INFORMATION SHOWN:
══════════

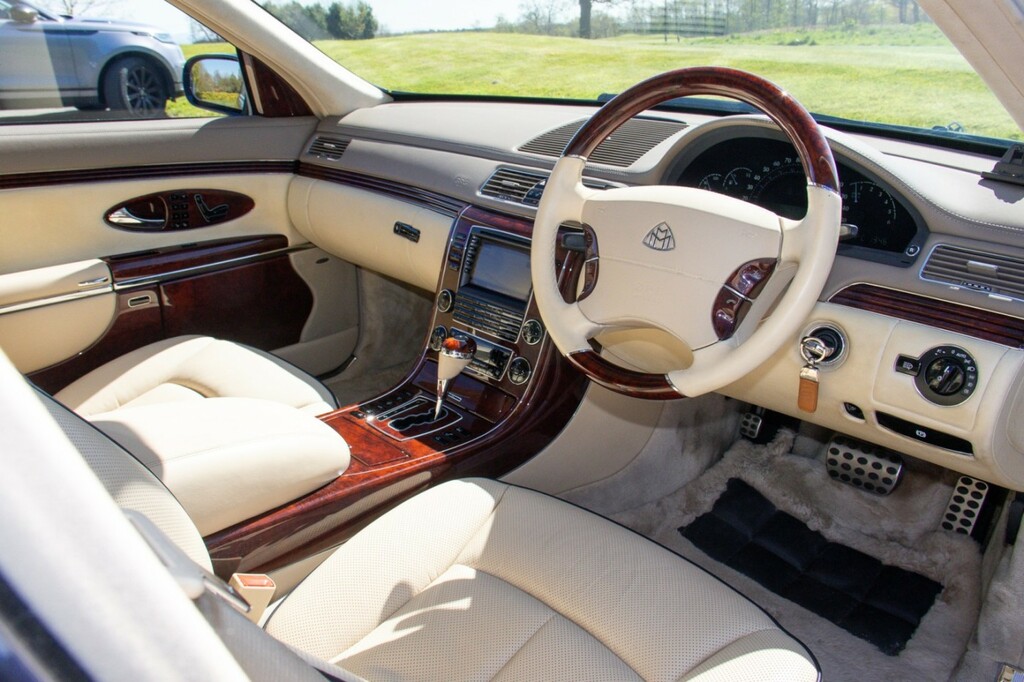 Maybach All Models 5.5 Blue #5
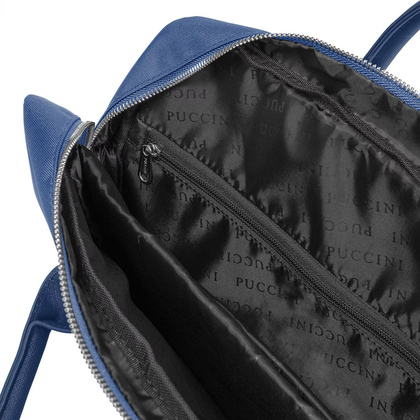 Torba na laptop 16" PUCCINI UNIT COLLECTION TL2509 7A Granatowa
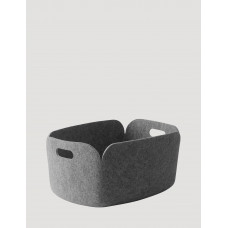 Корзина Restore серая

══════════

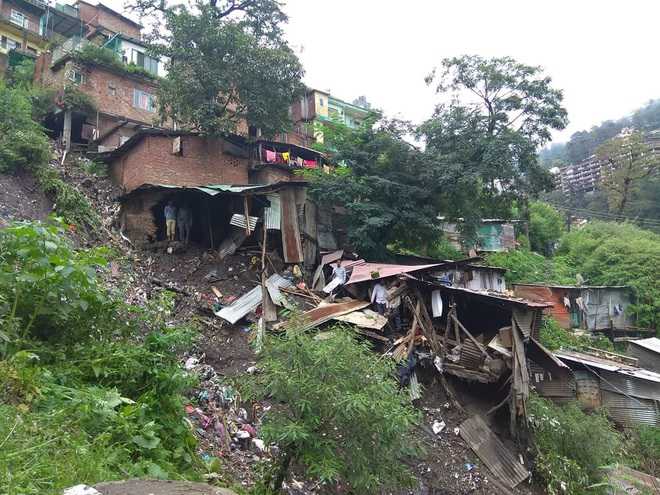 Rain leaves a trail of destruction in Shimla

══════════

PROBLEM TO SOLVE:
The answer is the lines above from the one with "Maybach All Models 5.5 Blue #5" to the one with "Корзина Restore серая", set down exactly, with no pictures.

SOLUTION FOR THIS PROBLEM:
 Maybach All Models 5.5 Blue #5
 Torba na laptop 16" PUCCINI UNIT COLLECTION TL2509 7A Granatowa
 Корзина Restore серая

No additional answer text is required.